I'm having some what I think is strange bahviour, but maybe I'm misunderstanding how things work.
I have two XML dumps that I'm indexing into separate collections and combining into one meta collection. Both the feeds are for a staff directory, but the format of the XML is different.
In one of the collections I've set up the xml.cfg like this:
PADRE XML Mapping Version: 2
document,/html/body/results/person
docurl,/html/body/results/person/EmailInternal
a,1,,//FirstName
b,1,,//Surname
...etc...
In the second one it's like this:
PADRE XML Mapping Version: 2
document,/results/person
docurl,/results/person/dn
a,1,,//givenname
b,1,,//sn
...etc...
So the fields I'm interested in are mapped to the same classes.
I've then set up a hook script that converts any search term into a wildcard search (basically just adds '*' to the end of every search term. In the collection config file I;ve set -fmo=true, so only results that match all terms are returned.

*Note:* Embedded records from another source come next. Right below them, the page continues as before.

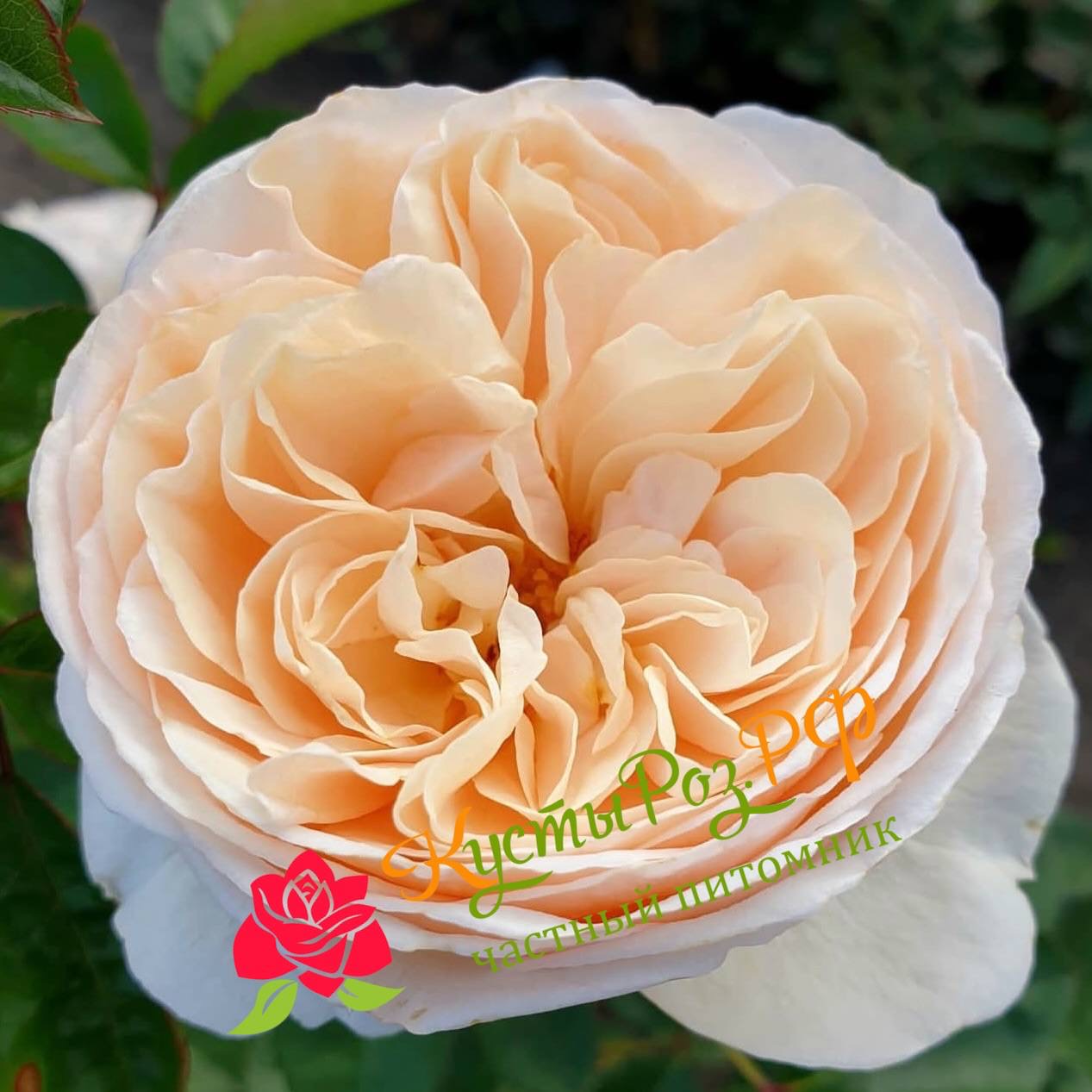 Эзра (Ezra) в Владивостоке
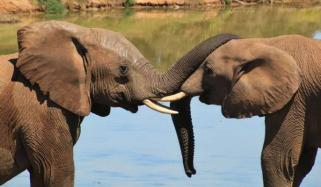 Elephants have names for each other just like humans do, researchers discover
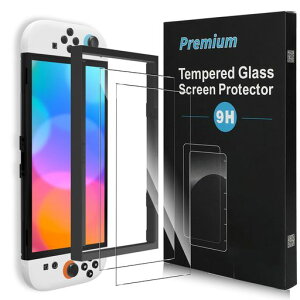 �y2������zForSwitch2�K���X�t�B�����y�K�C�h�g�t���z�ی�t�B����9H�d�xsalywin�Ռ��ی쓧�����ǂ����������C�A�[����U�h�~�X�C�b�`2�Ή�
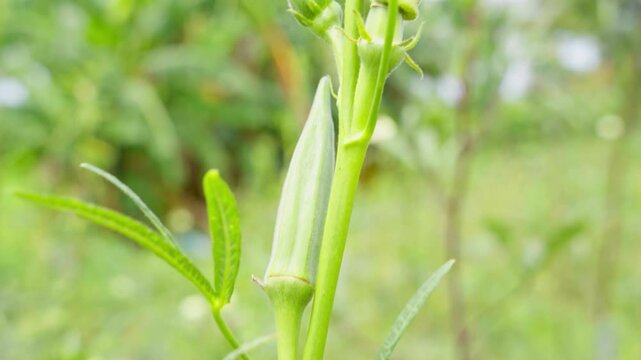 Close-up of okra (Abelmoschus esculentus) at a plantation in Africa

I'm trying to create a staff directory where it returns records that match all terms in either the first or last name fields, i.e. all search terms are matched, but may not be matched in every field.
Unfortunately what's happening is it's returning results from matches outside of those 2 fields. In particular it's returning matches on manager names, and in some cases street names like 'Smith' and 'Collins'.
Seems like it's indexed the entirety of the XML record as the document because of the 'document' line in the xml.cfg file. This makes sense, but it's not what I'm trying to do.
I've toyed with metadata queries such as 'a:query', but I don't know how to get it to work the way I want it to. Basically
- all terms must be matched
- terms matched can be distributed across multiple metadata fields
- matches should not be on the remainder of the document
Is this possible? Have I attempted to do too much?
Note that this is just the default search. I have other searches that will utilise other metadata fields, so the othe fields still need to be indexed/available.